→ Exercise goal
Your copy of the entries below should hold exactly the lines from the one containing "Aerial View of" to the one containing "A group of Oriental", inclusive, and no pictures.

→ Task input

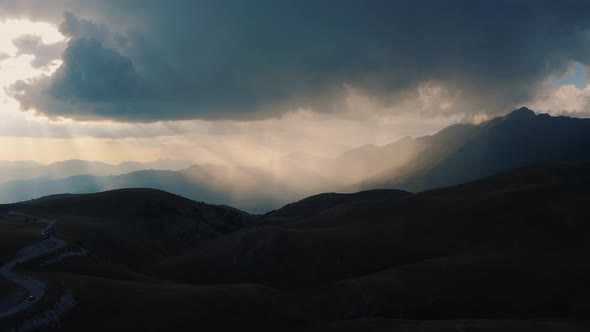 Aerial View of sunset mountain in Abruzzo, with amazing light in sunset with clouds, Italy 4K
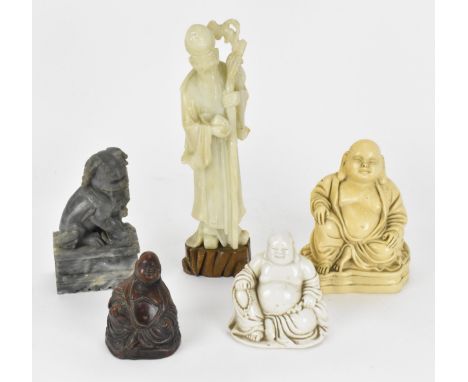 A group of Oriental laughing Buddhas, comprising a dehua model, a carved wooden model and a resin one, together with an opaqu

* * *

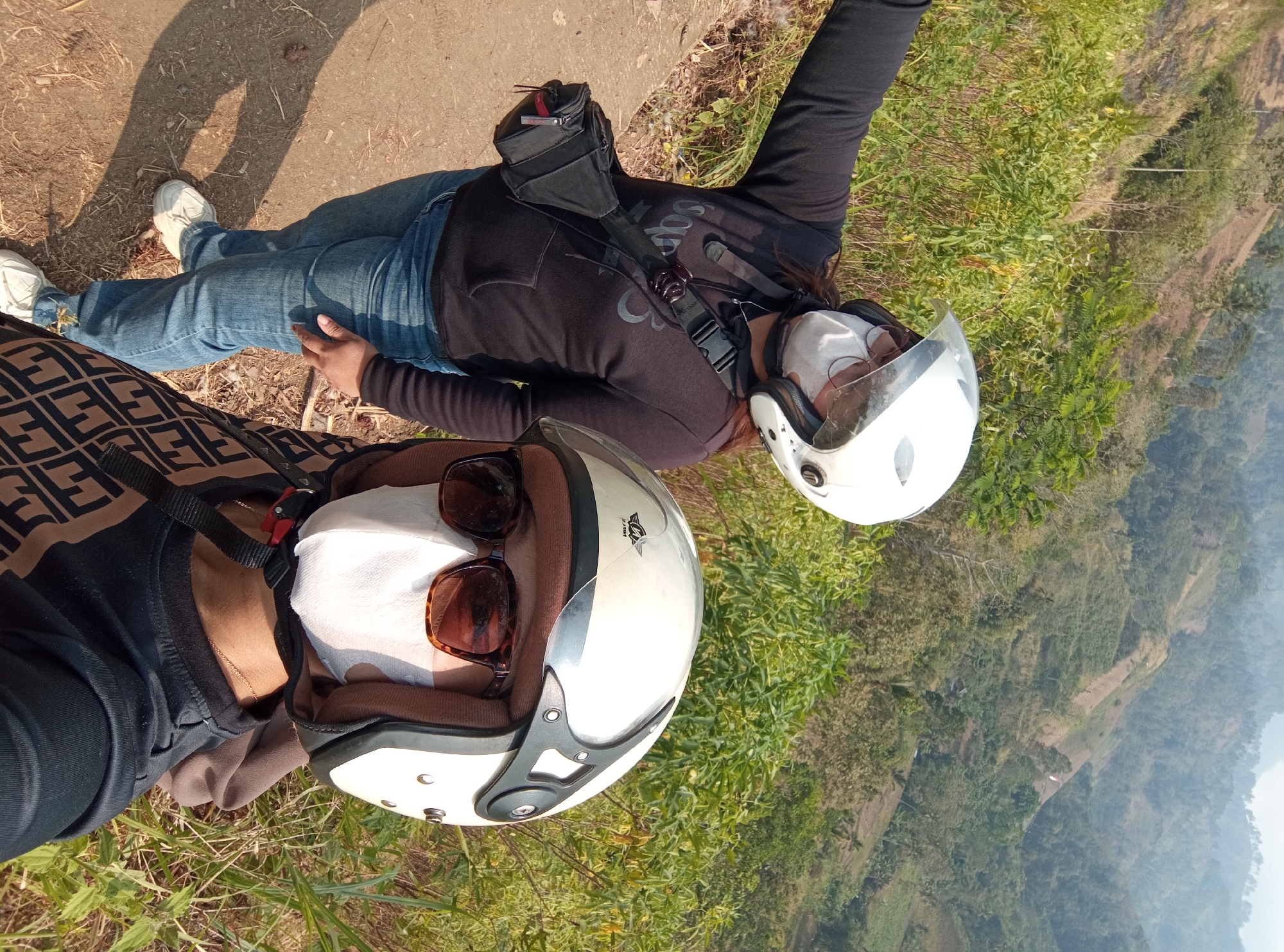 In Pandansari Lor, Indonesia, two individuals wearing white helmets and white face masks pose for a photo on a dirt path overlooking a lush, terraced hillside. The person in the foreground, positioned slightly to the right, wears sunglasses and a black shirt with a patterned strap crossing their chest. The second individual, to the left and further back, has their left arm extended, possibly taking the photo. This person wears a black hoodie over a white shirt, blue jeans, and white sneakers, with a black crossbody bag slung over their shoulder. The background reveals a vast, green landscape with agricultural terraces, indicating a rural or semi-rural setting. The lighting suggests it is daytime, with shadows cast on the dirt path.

...

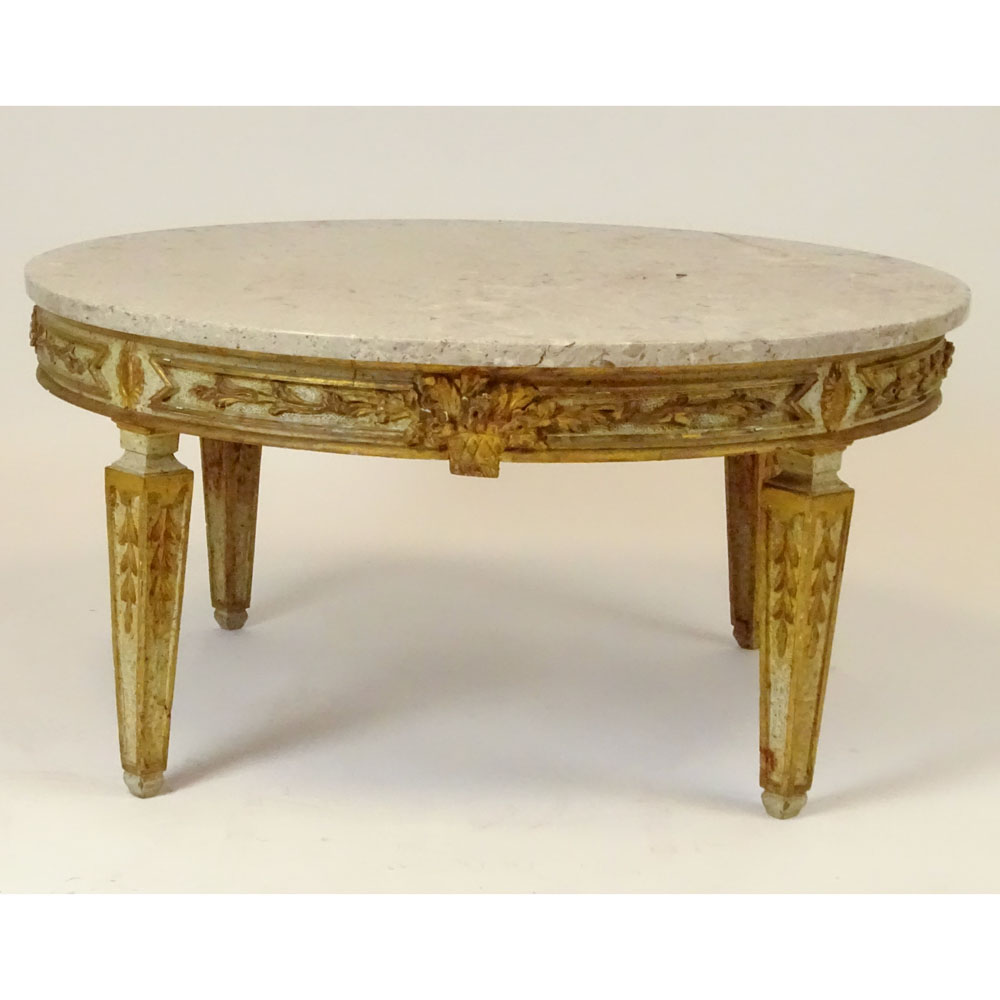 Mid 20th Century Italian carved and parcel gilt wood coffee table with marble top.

→ Task output
 Aerial View of sunset mountain in Abruzzo, with amazing light in sunset with clouds, Italy 4K
 A group of Oriental laughing Buddhas, comprising a dehua model, a carved wooden model and a resin one, together with an opaqu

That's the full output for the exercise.